### Task requirements
Here the job is to transcribe the data verbatim while leaving each picture out.

Captioned web images
◆ ◆ ◆ ◆ ◆

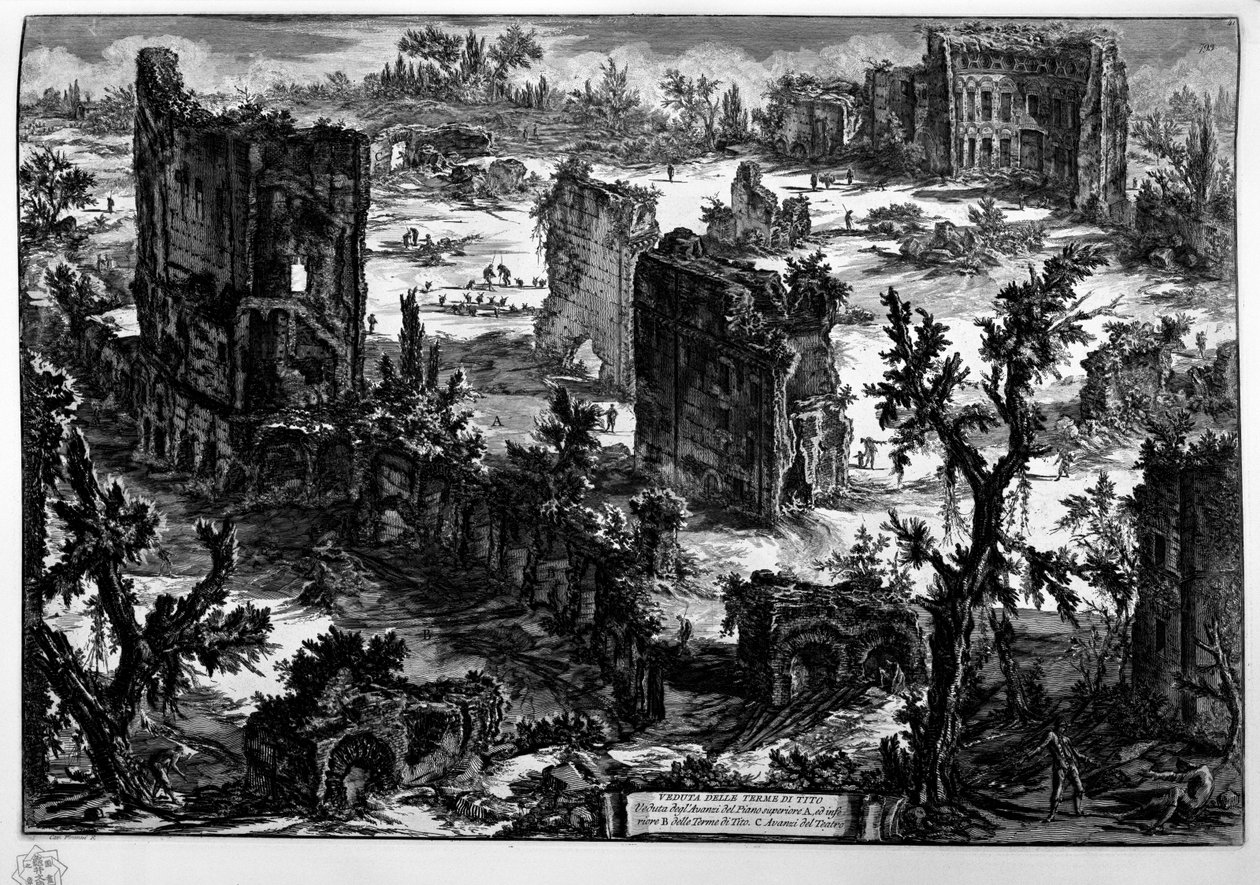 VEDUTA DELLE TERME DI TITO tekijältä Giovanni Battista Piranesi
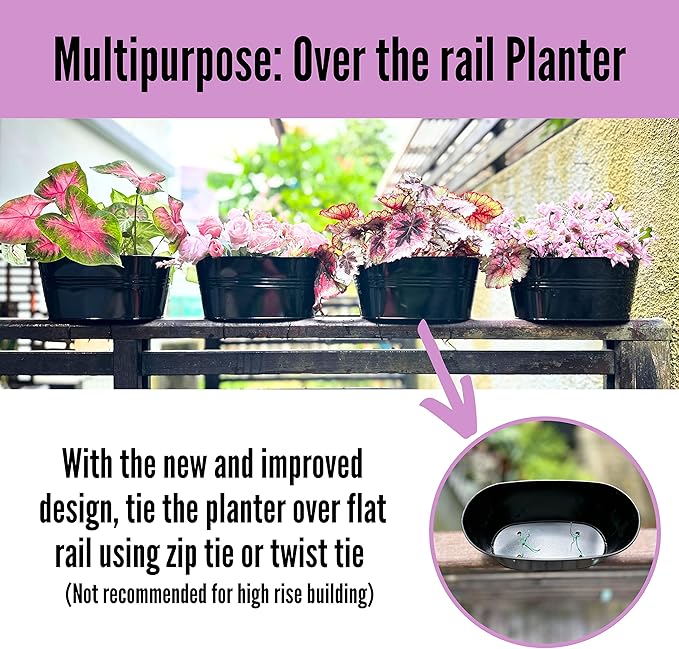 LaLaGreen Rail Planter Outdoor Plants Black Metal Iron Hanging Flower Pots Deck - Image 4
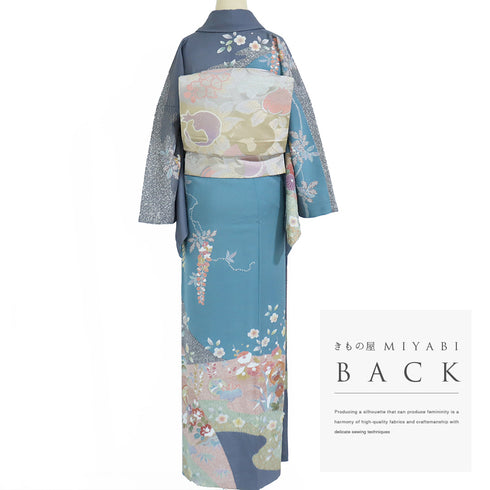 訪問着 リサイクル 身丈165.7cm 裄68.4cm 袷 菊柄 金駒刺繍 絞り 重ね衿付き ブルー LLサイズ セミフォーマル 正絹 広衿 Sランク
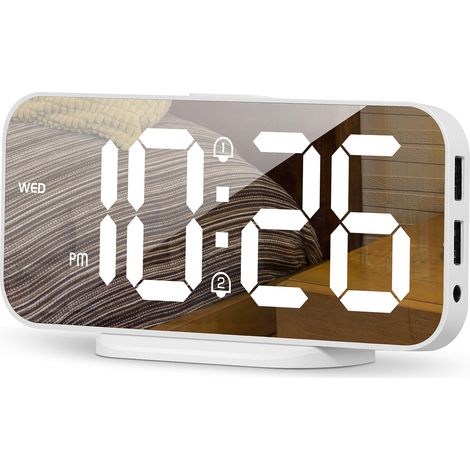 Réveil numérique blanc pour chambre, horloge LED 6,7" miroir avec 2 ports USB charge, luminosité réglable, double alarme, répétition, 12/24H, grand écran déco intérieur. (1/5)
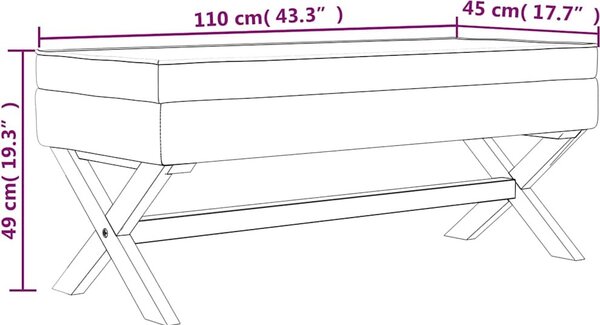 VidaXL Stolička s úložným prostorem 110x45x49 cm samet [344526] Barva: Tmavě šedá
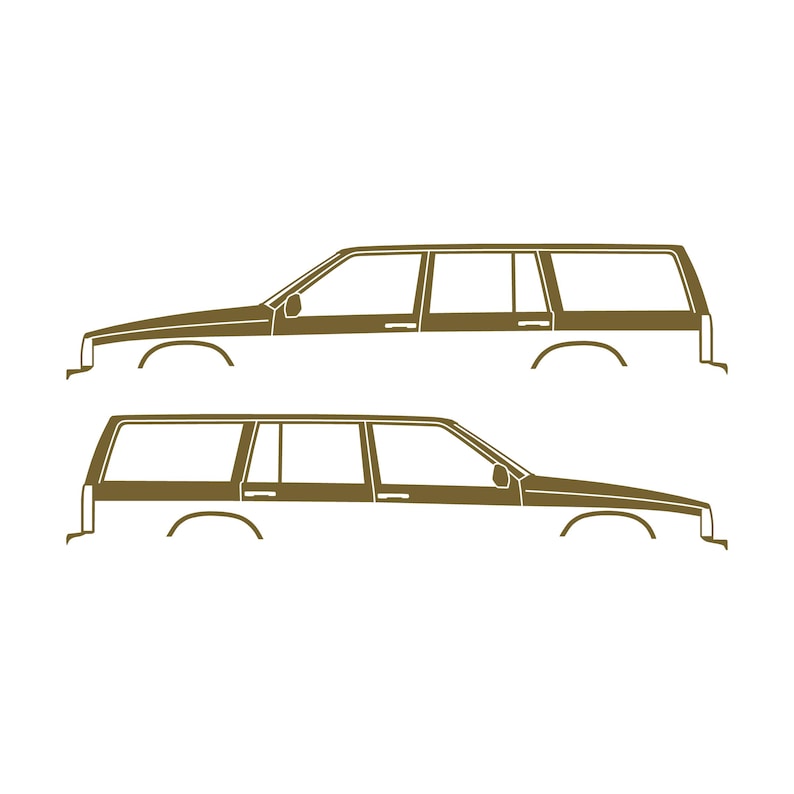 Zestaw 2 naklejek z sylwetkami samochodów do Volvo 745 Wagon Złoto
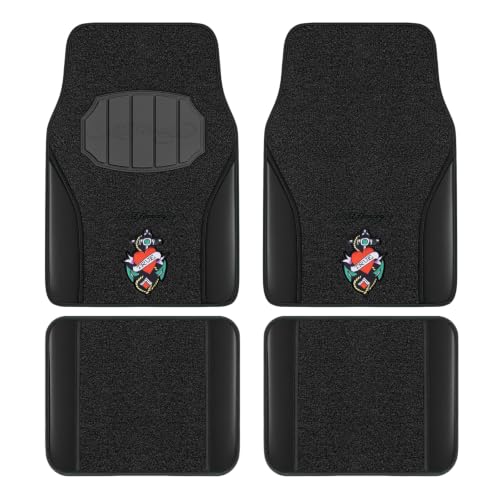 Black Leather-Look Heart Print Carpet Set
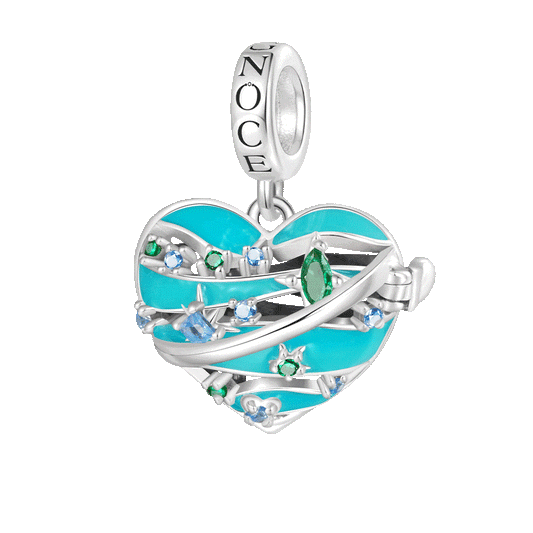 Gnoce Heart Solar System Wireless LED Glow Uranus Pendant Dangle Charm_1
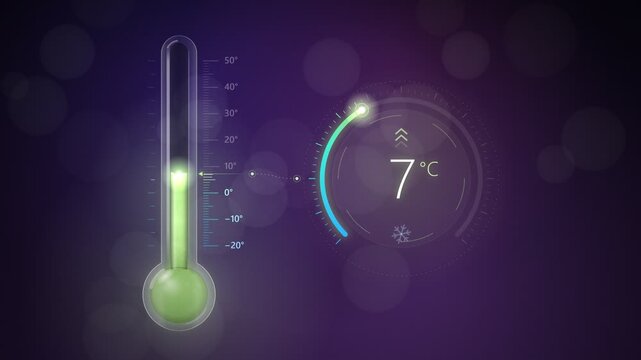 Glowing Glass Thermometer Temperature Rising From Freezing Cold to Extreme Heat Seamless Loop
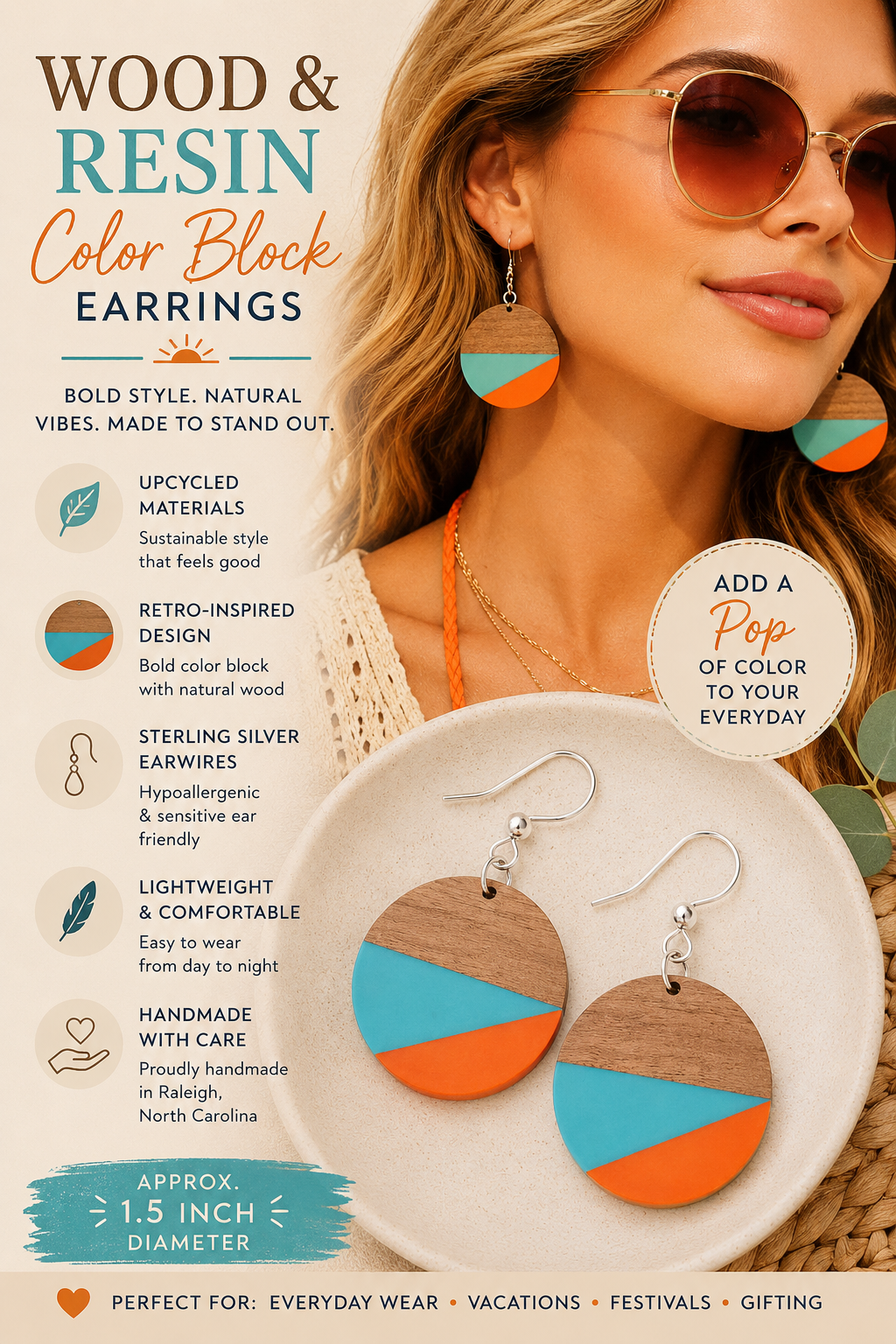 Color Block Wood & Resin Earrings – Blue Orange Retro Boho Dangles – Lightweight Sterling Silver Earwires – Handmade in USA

◆ ◆ ◆ ◆ ◆

### Response
 VEDUTA DELLE TERME DI TITO tekijältä Giovanni Battista Piranesi
 LaLaGreen Rail Planter Outdoor Plants Black Metal Iron Hanging Flower Pots Deck - Image 4
 訪問着 リサイクル 身丈165.7cm 裄68.4cm 袷 菊柄 金駒刺繍 絞り 重ね衿付き ブルー LLサイズ セミフォーマル 正絹 広衿 Sランク
 Réveil numérique blanc pour chambre, horloge LED 6,7" miroir avec 2 ports USB charge, luminosité réglable, double alarme, répétition, 12/24H, grand écran déco intérieur. (1/5)
 VidaXL Stolička s úložným prostorem 110x45x49 cm samet [344526] Barva: Tmavě šedá
 Zestaw 2 naklejek z sylwetkami samochodów do Volvo 745 Wagon Złoto
 Black Leather-Look Heart Print Carpet Set
 Gnoce Heart Solar System Wireless LED Glow Uranus Pendant Dangle Charm_1
 Glowing Glass Thermometer Temperature Rising From Freezing Cold to Extreme Heat Seamless Loop
 Color Block Wood & Resin Earrings – Blue Orange Retro Boho Dangles – Lightweight Sterling Silver Earwires – Handmade in USA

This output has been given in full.